§ Instructions for the task:
What you should end up with is an exact copy of the lines from the one holding "Brynäs Niclas Lundgren" through the last line of the entries below, both included, and nothing else; leave every picture out.

BEGIN Dataset content

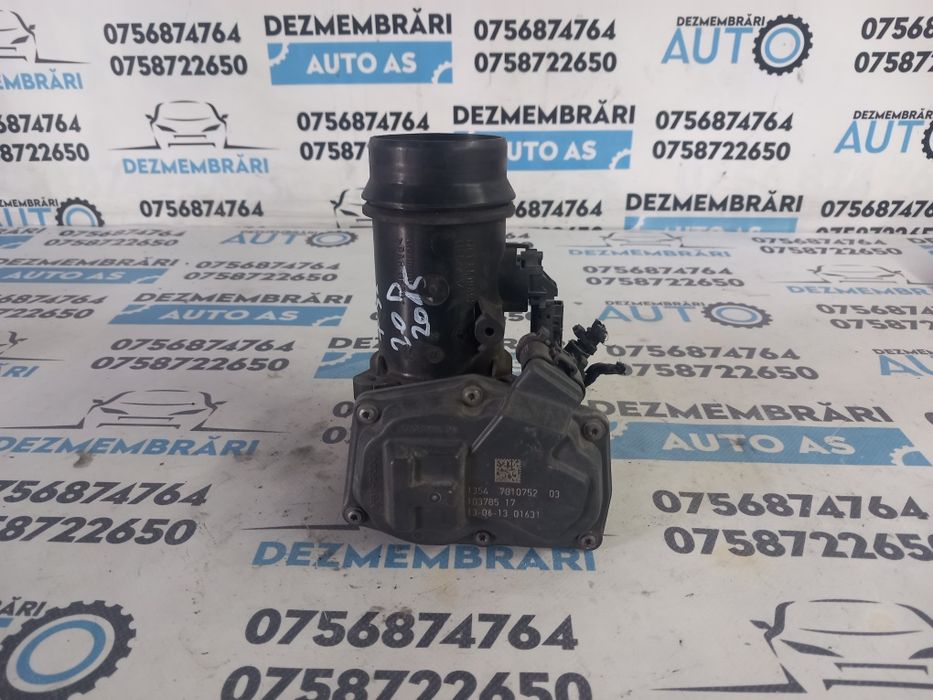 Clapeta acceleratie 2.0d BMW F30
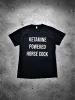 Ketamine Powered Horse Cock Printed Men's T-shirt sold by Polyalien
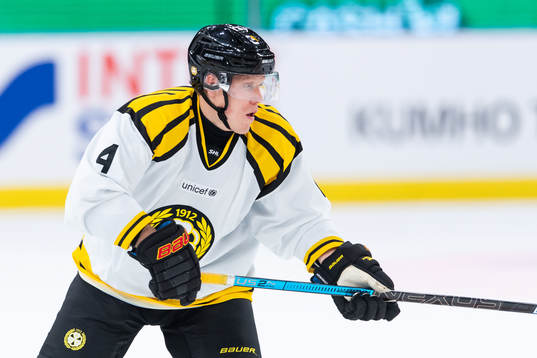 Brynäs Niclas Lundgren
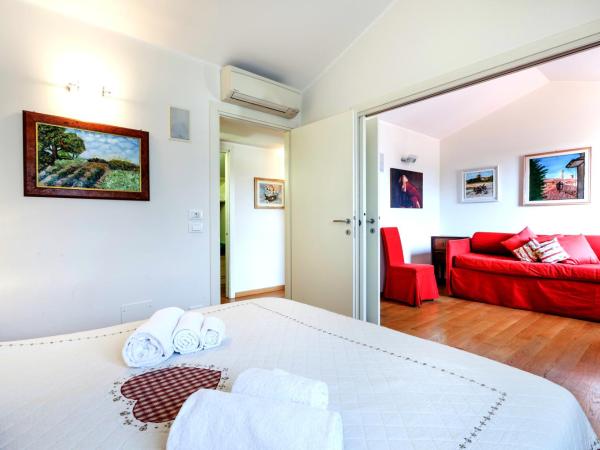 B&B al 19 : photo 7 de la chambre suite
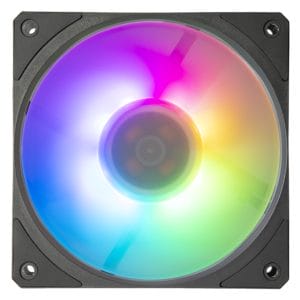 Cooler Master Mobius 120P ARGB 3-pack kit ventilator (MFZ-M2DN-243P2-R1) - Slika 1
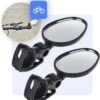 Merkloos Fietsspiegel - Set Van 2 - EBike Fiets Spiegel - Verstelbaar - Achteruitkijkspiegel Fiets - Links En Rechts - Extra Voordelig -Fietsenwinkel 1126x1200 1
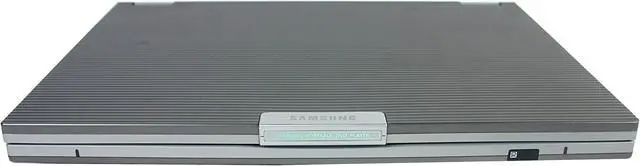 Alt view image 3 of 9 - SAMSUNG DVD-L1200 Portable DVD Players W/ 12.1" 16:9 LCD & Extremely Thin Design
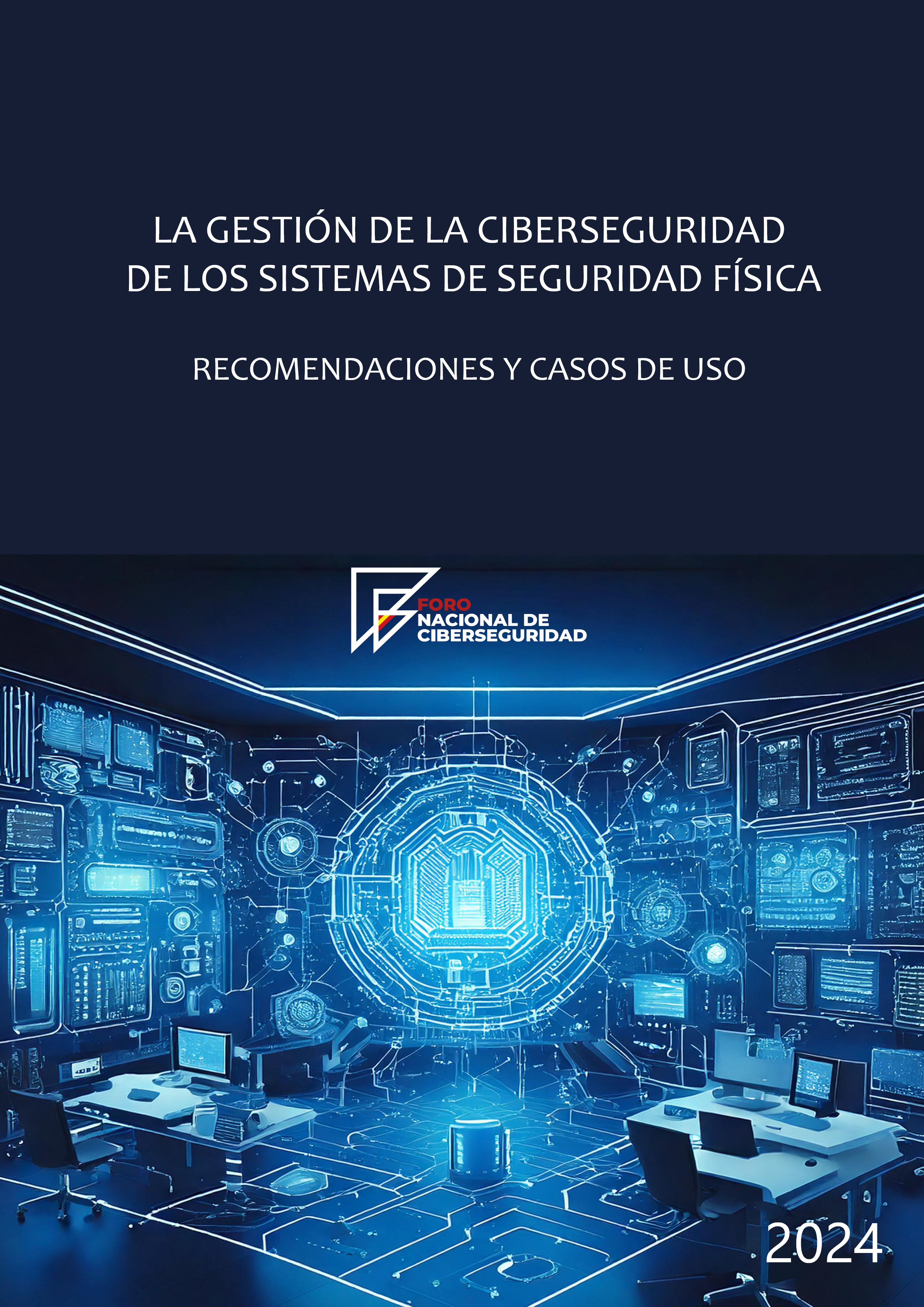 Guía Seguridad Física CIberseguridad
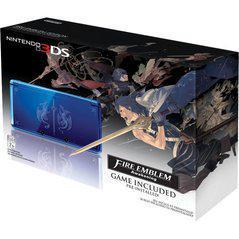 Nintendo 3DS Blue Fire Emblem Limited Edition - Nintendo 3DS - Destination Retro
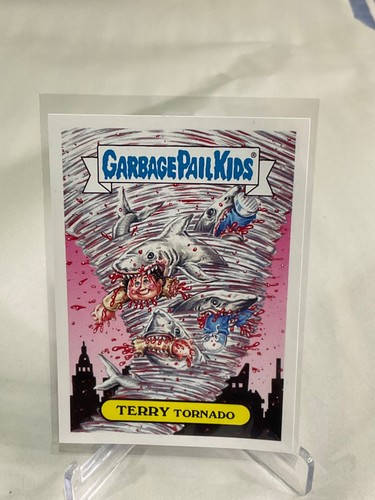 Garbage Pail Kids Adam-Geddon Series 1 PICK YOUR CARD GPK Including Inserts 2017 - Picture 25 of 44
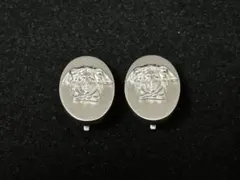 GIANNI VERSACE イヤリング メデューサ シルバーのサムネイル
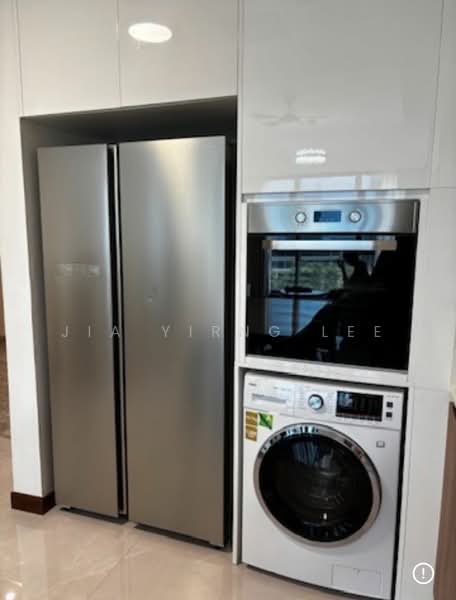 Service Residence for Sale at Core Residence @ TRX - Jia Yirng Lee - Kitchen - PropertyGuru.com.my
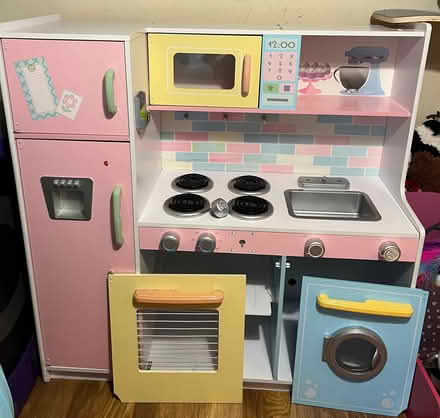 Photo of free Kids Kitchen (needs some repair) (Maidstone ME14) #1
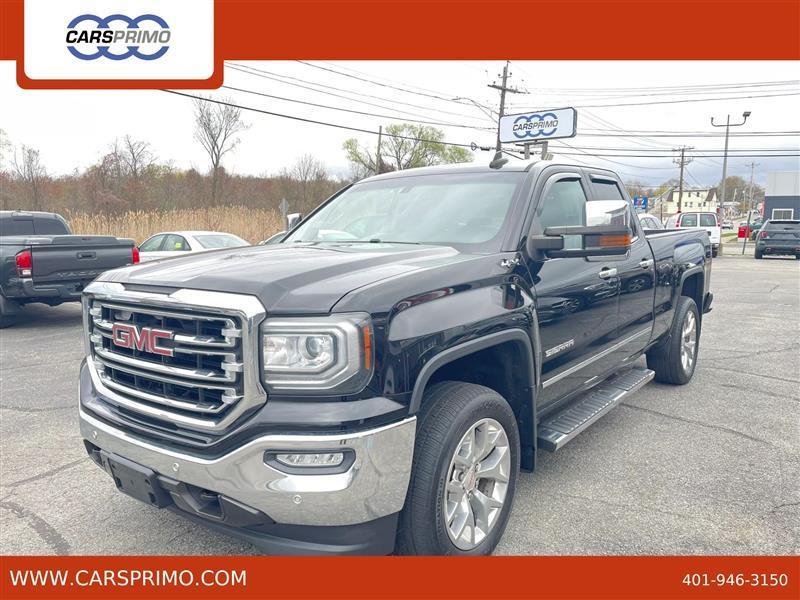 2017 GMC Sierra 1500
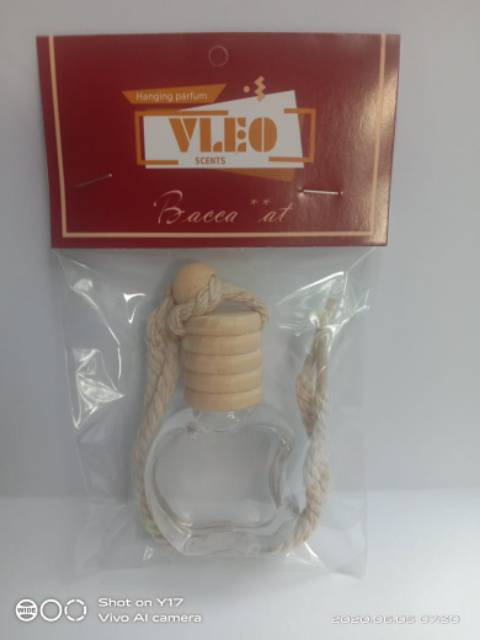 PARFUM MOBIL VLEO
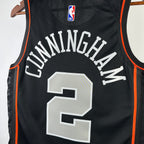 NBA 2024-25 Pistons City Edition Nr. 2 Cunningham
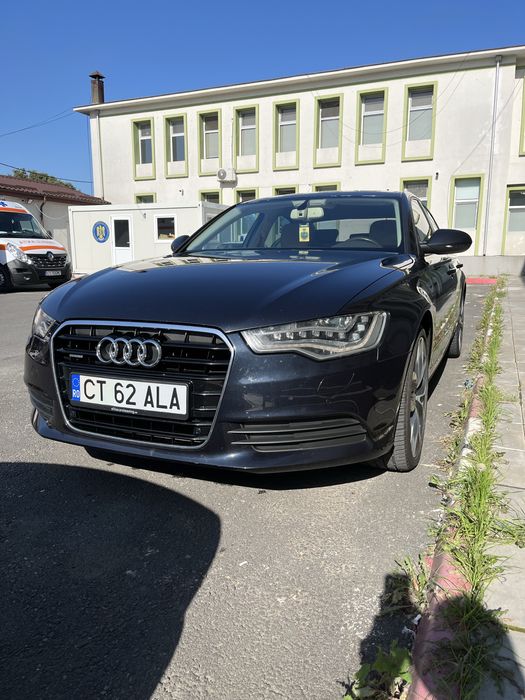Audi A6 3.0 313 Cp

END Dataset content

§ Task solution:
 Brynäs Niclas Lundgren
 B&B al 19 : photo 7 de la chambre suite
 Cooler Master Mobius 120P ARGB 3-pack kit ventilator (MFZ-M2DN-243P2-R1) - Slika 1
 Merkloos Fietsspiegel - Set Van 2 - EBike Fiets Spiegel - Verstelbaar - Achteruitkijkspiegel Fiets - Links En Rechts - Extra Voordelig -Fietsenwinkel 1126x1200 1
 Alt view image 3 of 9 - SAMSUNG DVD-L1200 Portable DVD Players W/ 12.1" 16:9 LCD & Extremely Thin Design
 Guía Seguridad Física CIberseguridad
 Nintendo 3DS Blue Fire Emblem Limited Edition - Nintendo 3DS - Destination Retro
 Garbage Pail Kids Adam-Geddon Series 1 PICK YOUR CARD GPK Including Inserts 2017 - Picture 25 of 44
 GIANNI VERSACE イヤリング メデューサ シルバーのサムネイル
 Service Residence for Sale at Core Residence @ TRX - Jia Yirng Lee - Kitchen - PropertyGuru.com.my
 Photo of free Kids Kitchen (needs some repair) (Maidstone ME14) #1
 2017 GMC Sierra 1500
 PARFUM MOBIL VLEO
 NBA 2024-25 Pistons City Edition Nr. 2 Cunningham
Audi A6 3.0 313 Cp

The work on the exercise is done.